Cette technique que Dorrit Cohn nomme « monologue narrativisé » (« discours transposé » selon la terminologie de Genette) alterne avec le psycho-récit (ou discours narrativisé selon Genette toujours), il  permet à la narratrice de pénétrer l’état psychique de ses personnages, d’exprimer les états de conscience des personnages. La narratrice omnisciente livre la pensée des personnages et s’efface derrière eux, leurs consciences se fondent, effaçant les limites qui les séparent. Ces techniques apparentées au monologue intérieur permettent l’élasticité temporelle. Cette expansion temporelle que Nathalie Sarraute appelle « un présent démesurément agrandi » est « une des manipulations préférées du roman moderne dans son traitement de la temporalité »1. Mais à la différence du monologue intérieur, apparemment spontané à la première personne, le psycho-récit et le monologue narrativisé passent par la médiation d’une voix narrative, faisant référence aux personnages mais se livrant au monologue par le biais du pronom à la troisième personne dans le contexte.

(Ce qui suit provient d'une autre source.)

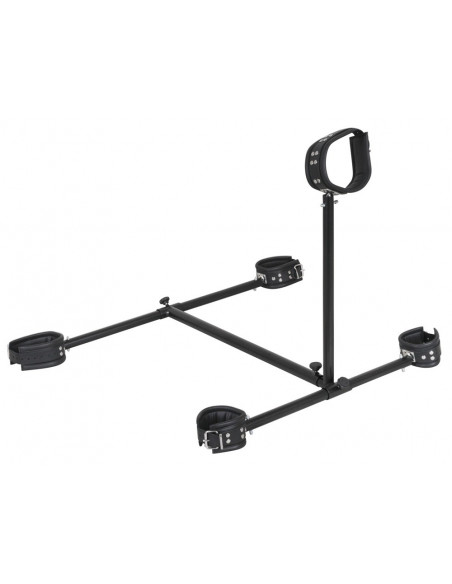 Leather Floor Pillory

Ce rapprochement prépare le lecteur à la vérité mais en éloigne Eric. La complicité de la narratrice et de Sophie contamine le lecteur, Eric n’est qu’un étranger à cette histoire qu’il ne veut pas voir dans sa totalité, n’ayant d’yeux que pour sa vérité à lui, sa fascination pour la beauté angevine de la blonde Sophie qu’il a connue.

« Non. La vérité, il ne veut pas la voir . Tout maître qu’il fut de la vie et de la mort, le poète ne sut pas accompagner une femme jusqu’à la lumière. Il ne sut que s’aveugler par deux fois. Et la perdre. » (Notes de Sophie)

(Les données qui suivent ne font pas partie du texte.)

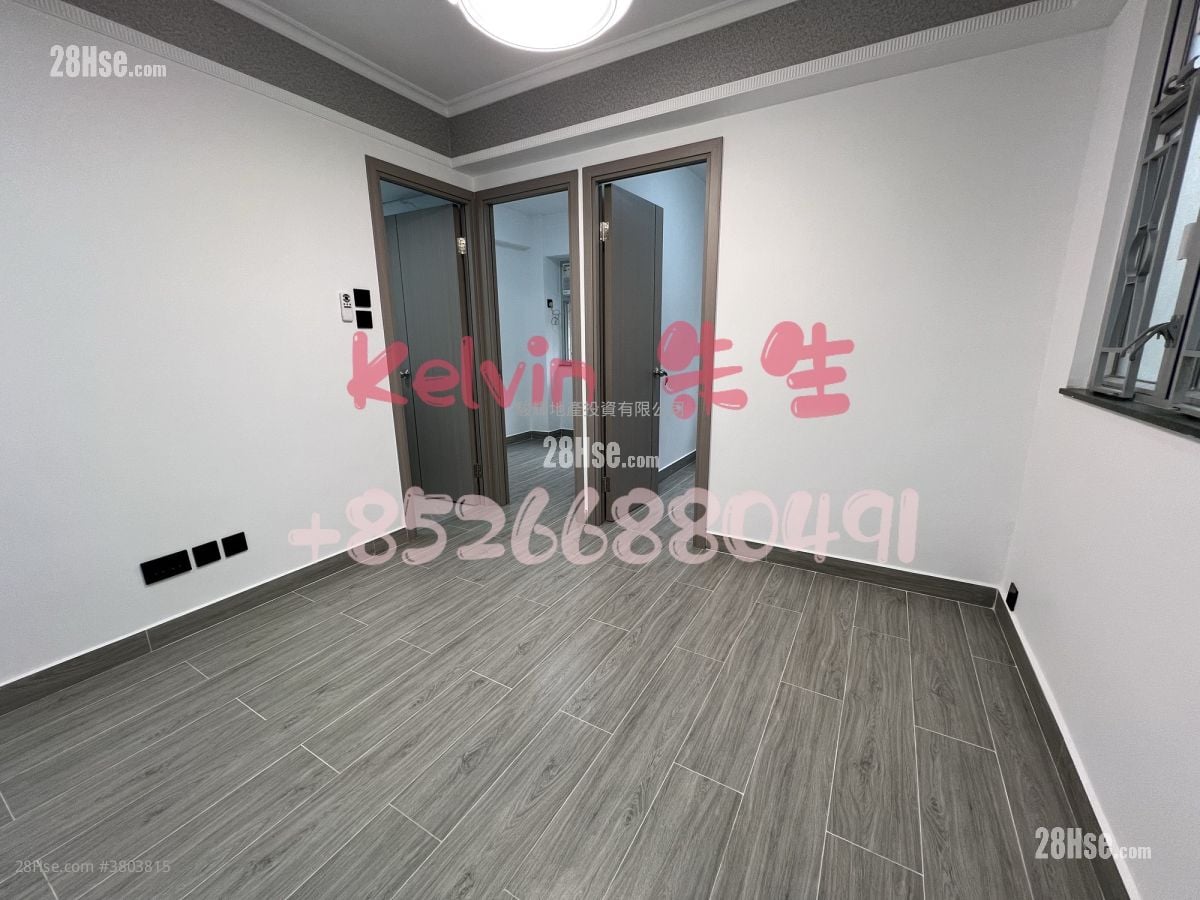 富多来新村 售盘 2 房 , 1 浴室 285 平方尺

Par ailleurs, le personnage d’Eric apparaît de plus en plus antipathique et en même temps on a envie de plaindre son incapacité à affronter sa propre histoire, à refuser la vérité de ce père, grand artiste lyrique compromis durant la grande guerre du côté des allemands. Ce père qu’Eric s’est efforcé d’oublier en renonçant à sa voix (dont il avait hérité) et afin que Sophie n’apprenne jamais et aussi parce qu’à l’Opéra on savait qu’il était le fils de Christian Hermesse et qu’ils n’auraient jamais été accepté. On relèvera sa participation à l’OAS pour réparer sa « lâcheté », et mourir les armes à la main du côté des justiciers qui avaient exécuté son père, son nom de code dans l’OAS qui le rapproche de ce père (Eric Hermès -pour le messager ; Eric portant le nom de jeune fille de sa mère pour le protéger) et puis ces anciens amis à « lui » qu’il a rejoints, des collabos, luttant contre de Gaulle avec des idées pas très éloignées de celles qu’ »il » avait servies ; les croix qu’il gardait dans son tiroir, son discours carrément douteux :

« vers le mois de mai 59, une manifestation pour la fin des tortures en Algérie et en France fut interdite par le préfet de police. Tu étais dans la phase aiguë de préparation des concours, mais tu m’avais accordé un cinq à sept à la Rôtisserie du Panthéon, café que je n’appréciais guère, car il n’était fréquenté que par des étudiants d’extrême-droite et leurs amis. Je suis arrivée hors de moi, rendue furieuse par cette interdiction qui me paraissait une atteinte au droit d’expression. Plutôt que l’agressivité, tu as opposé à mes arguments une désinvolture ironique, me demandant si c’était la frustration sexuelle qui m’entraînait vers la violence et la primitivité incarnée par le FLN, nous traitant, mes camarades et moi, de femelles douteusement conquises par les attraits phalliques d’une poignée de fellaghas.[…] Jusqu’au jour où j’ai découvert dans ton tiroir les insignes de ton clan et de ta filiation. »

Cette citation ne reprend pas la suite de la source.